2OL with 10 clay pots with various crypts, cherry shrimp, red rams horns, water temp 78, 7 ph. Ferts 2Xs wk, weekly 20-30% w/c, daily excel. shrimp feed 2X wk. two 4' T-12shop lights that run across 4-20Ls side x Side on a shell industrial bench, 12 hr. photo period.


----------



## Daximus (Oct 19, 2011)

Hygrophilia Corymbosa 

How about that for another test plant? I have tons of it. It's like duck weed with a stem, lol.


----------



## 10gallonplanted (Oct 31, 2010)

10 gallon
1 x 15 watt T8
Biweekly API Leaf Zone
Every week 25% WC
Current bio load:
10 T. Espei
4 Peppered Corydoras
2 Neon tetras
150+ RCS

The Ludwigia is rather young I guess you'd say, its only about 6 inches tall.

Fish and shrimp get fed daily, 10 hours light period, and temp 76.
___________


----------



## DogFish (Jul 16, 2011)

Wait? 150 shrimp in a 10g tank....That's like Shrimp substrate.:biggrin:


----------



## 10gallonplanted (Oct 31, 2010)

Yeah I had like maybe 300 but I sold a bunch of them. It was pretty overcrowded.


----------



## DogFish (Jul 16, 2011)

I would like to find 4 more testers, my preference would be people with substrates NOT listed:

Diamond Blasting grit
Petco brand black sand
Seachem Red Flourite 
Turface pro league
Standard aquarium gravel
Const. Sand

I would especially be interested in someone testing with plan Kitty litter, maybe in clay pots.


----------



## RipariumGuy (Aug 6, 2009)

Would you be interested in someone testing them in a riparium planter with a single _Cyperus _plant? It would be along side the same plant with a competitors root tab.


----------



## DogFish (Jul 16, 2011)

RipariumGuy said:


> Would you be interested in someone testing them in a riparium planter with a single _Cyperus _plant? It would be along side the same plant with a competitors root tab.

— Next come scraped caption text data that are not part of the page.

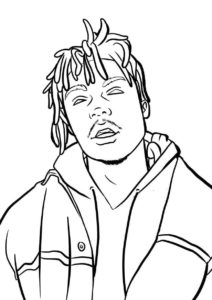 Juice WRLD Coloring Pages - Free coloring pages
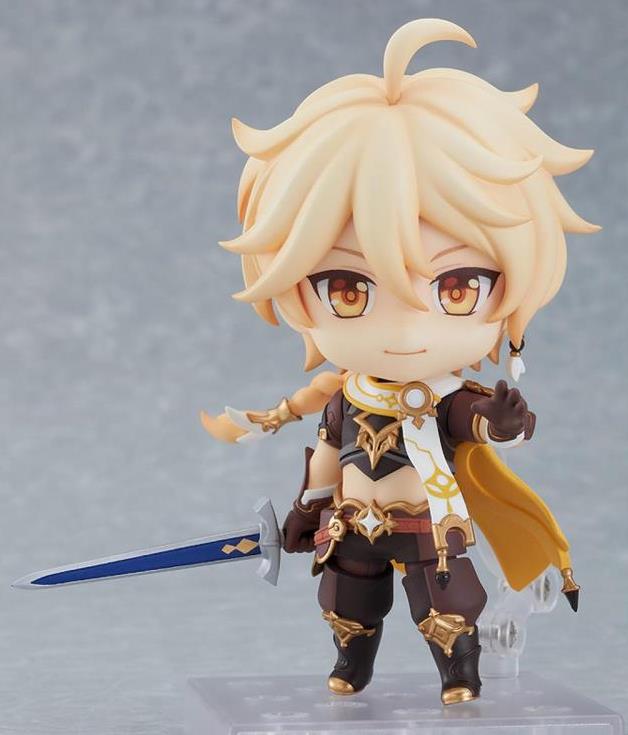Good Smile Genshin Impact Nendoroid No.1717 Traveler (Aether) Figure 4-Inch - View 3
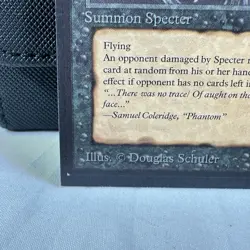 1993 HYPNOTIC SPECTER Magic the Gathering Collector's Edition CE MTG - Image 4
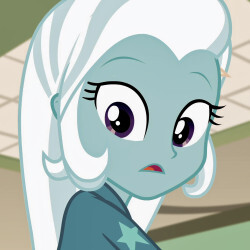 Size: 250x250 | Tagged: safe, edit, edited screencap, screencap, trixie, equestria girls, g4, female, solo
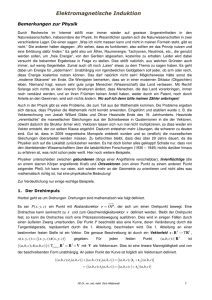 Induktionsgesetz - PD Dr. rer. nat. habil. Gert Hillebrandt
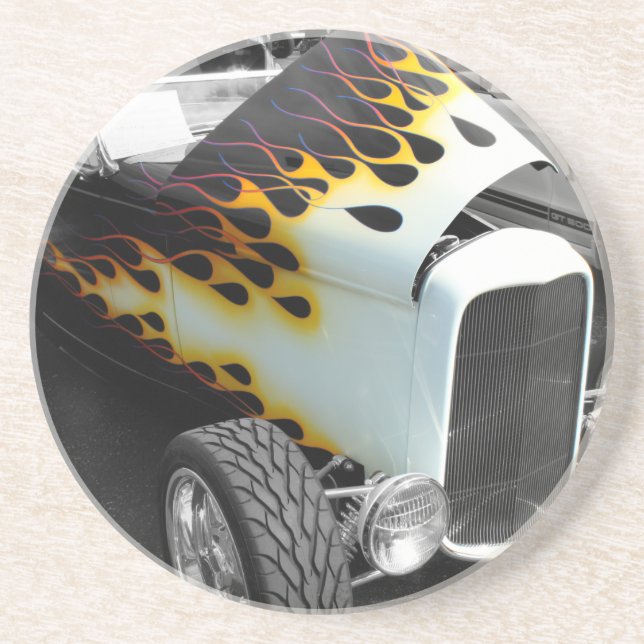 Flamin' Hot rod Underlägg Sandsten (Framsidan)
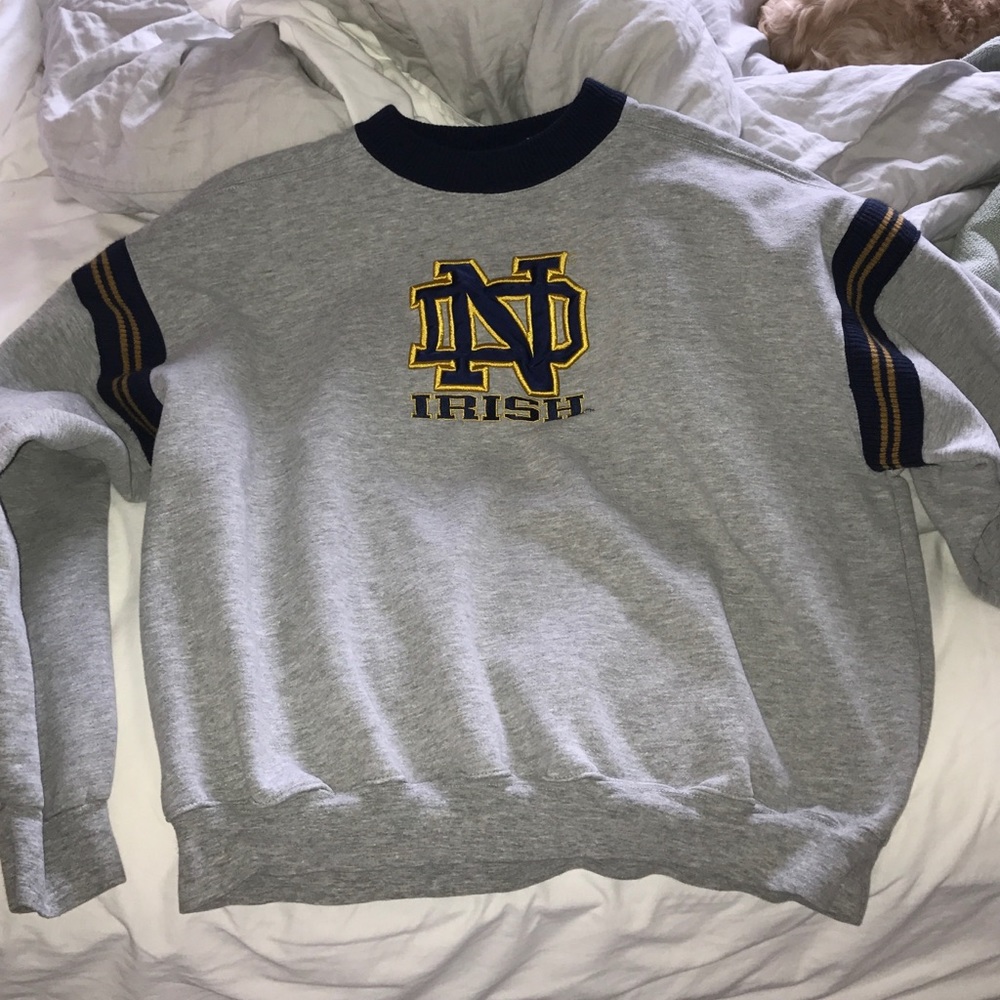 Vintage looking Norte dame crewneck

I didn't know there was an Organic Root Cap Competitor :icon_ques:icon_ques:icon_ques


----------



## Daximus (Oct 19, 2011)

DogFish said:


> I would like to find 4 more testers, my preference would be people with substrates NOT listed:
> 
> Diamond Blasting grit
> Petco brand black sand
> ...


I can swing kitty litter, lol


----------



## DogFish (Jul 16, 2011)

That would be great! 

Substrate list update:

Diamond Blasting grit
Petco brand black sand
Seachem Red Flourite 
Turface pro league
Kitty litter
Const. Sand

Do we hace a volunteer with Eco-Complete or Amazonia? :big grin:

Anyone want to use that epoxy coated, neon, Goldfish bowl gravel?
:tongue:


----------



## RipariumGuy (Aug 6, 2009)

DogFish said:


> I didn't know there was an Organic Root Cap Competitor :icon_ques:icon_ques:icon_ques


My bad! They are definitely not organic. Just a normal root tab.


----------



## Daximus (Oct 19, 2011)

DogFish said:


> That would be great!
> 
> Substrate list update:
> 
> ...



That's what I'm going to use...not neon, but standard Wal-Mart Aquarium Gravel...than and the kitty litter in the other set. :biggrin:

Also, you were wanting a second plant...Hygrophilia Corymbosa ?


----------



## DogFish (Jul 16, 2011)

Dax - All good stuff.

GEN I Caps were mailed out today!


----------



## DogFish (Jul 16, 2011)

Testers - You should have or be getting your caps today. Dose is 3-5 caps depending on thew size of the plant. A single young crypt or bunch of stems 3, a large sword 5.

Keep in mind these are ORGANIC ROOT CAPS and not as strong as the chemical version. Of course that obviously makes them safer to use and have in your home.

The analysis was less potent that coffee grounds which are 4-1-3. The theory is you don't need high potency chemicals to grow plants well.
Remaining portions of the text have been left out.